**What is needed**
For this exercise, please return exactly the line containing "Applsci 14 10340 g006 Applsci 14 10340 g006" and each line after it through the end of the records, with no pictures included.

Captioned web image data:
------------------------------------------------------------------------

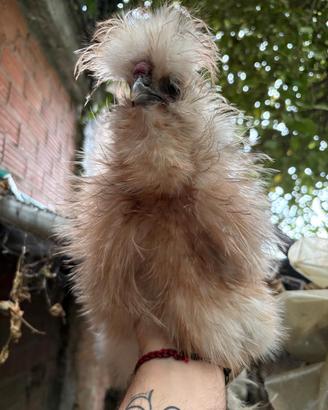Gallo Moroseta frizzle silkie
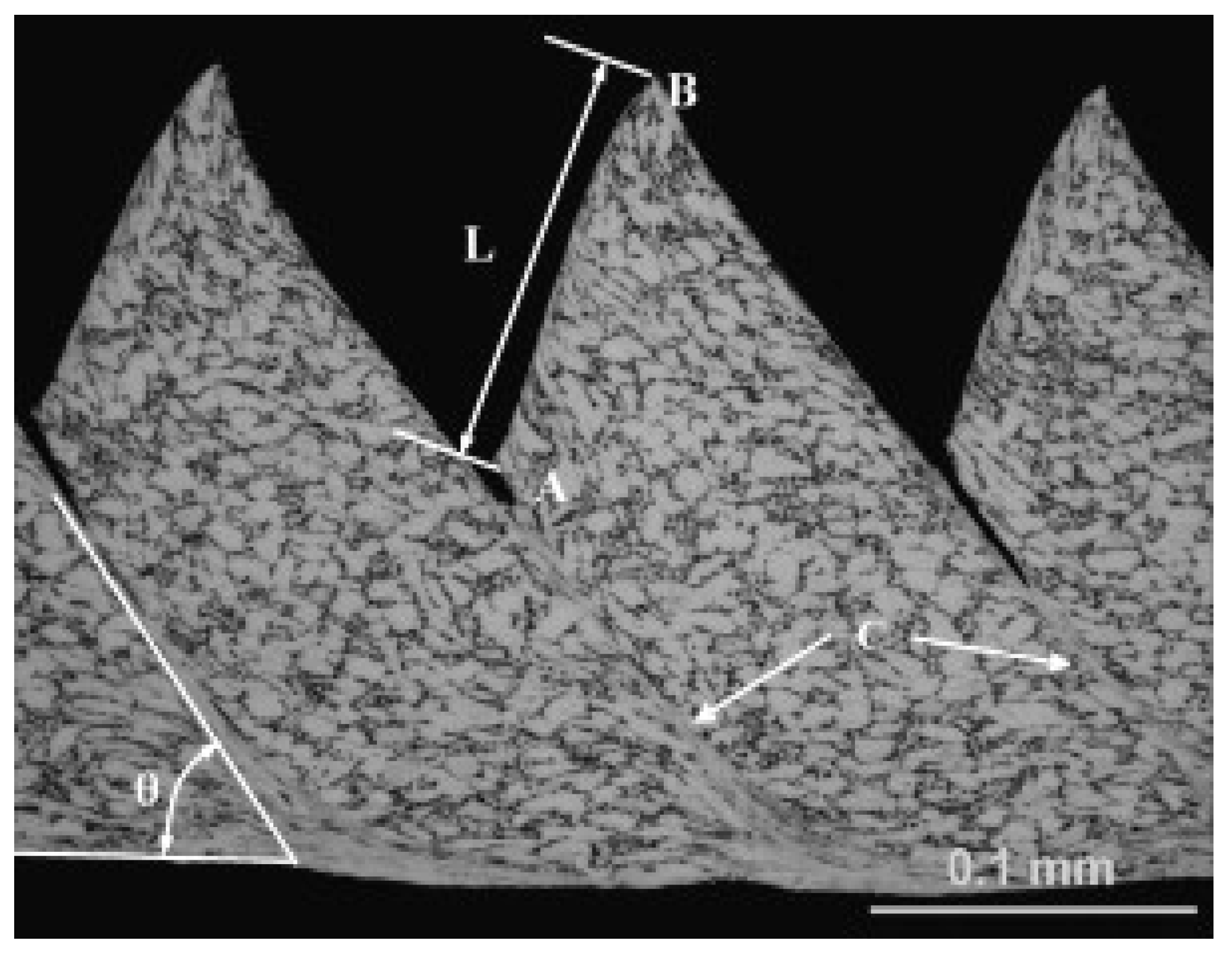 Applsci 14 10340 g006 Applsci 14 10340 g006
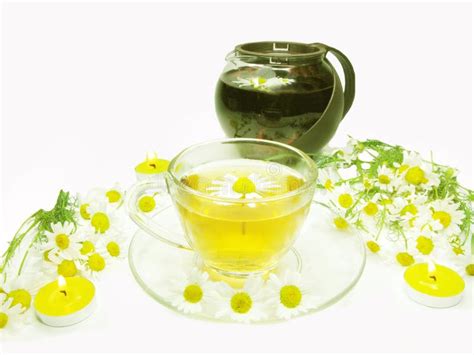 Herbal Tea With Daisy Medical Flowers Stock Image Image Of Herbal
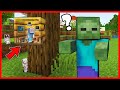 BANGUN RUANG RAHASIA MINI UNTUK BERTAHAN DARI ZOMBIE !! Feat @sapipurba @FannyTjandra Minecraft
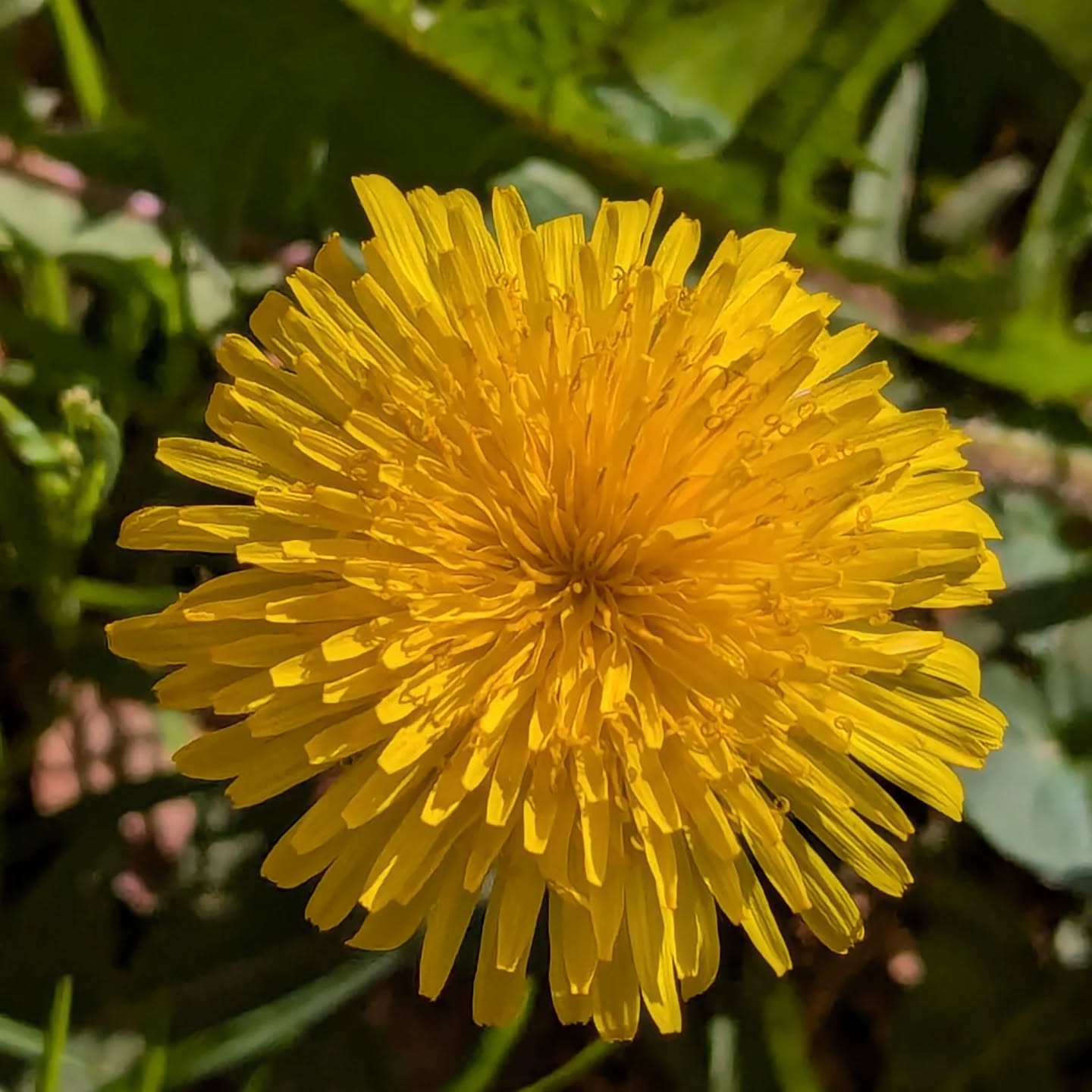 Found a little ray of sunshine right here in Charlotte! This dandelion is a perfect example of spring's simple charm. The intricate beauty up close... Seriously, the details are incredible! Anyone else getting lost in the little things this season?
#springmagic #springhassprung #dandelions #yellow #yellowflowers #CharlotteNC #naturephotography #springvibes #dandelion #springdetails #naturecloseup #springblooms #naturelovers #bloom #springtime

------------------------------------------------------------------------

**The completed task**
 Applsci 14 10340 g006 Applsci 14 10340 g006
 Herbal Tea With Daisy Medical Flowers Stock Image Image Of Herbal
 BANGUN RUANG RAHASIA MINI UNTUK BERTAHAN DARI ZOMBIE !! Feat @sapipurba @FannyTjandra Minecraft
 Found a little ray of sunshine right here in Charlotte! This dandelion is a perfect example of spring's simple charm. The intricate beauty up close... Seriously, the details are incredible! Anyone else getting lost in the little things this season?
#springmagic #springhassprung #dandelions #yellow #yellowflowers #CharlotteNC #naturephotography #springvibes #dandelion #springdetails #naturecloseup #springblooms #naturelovers #bloom #springtime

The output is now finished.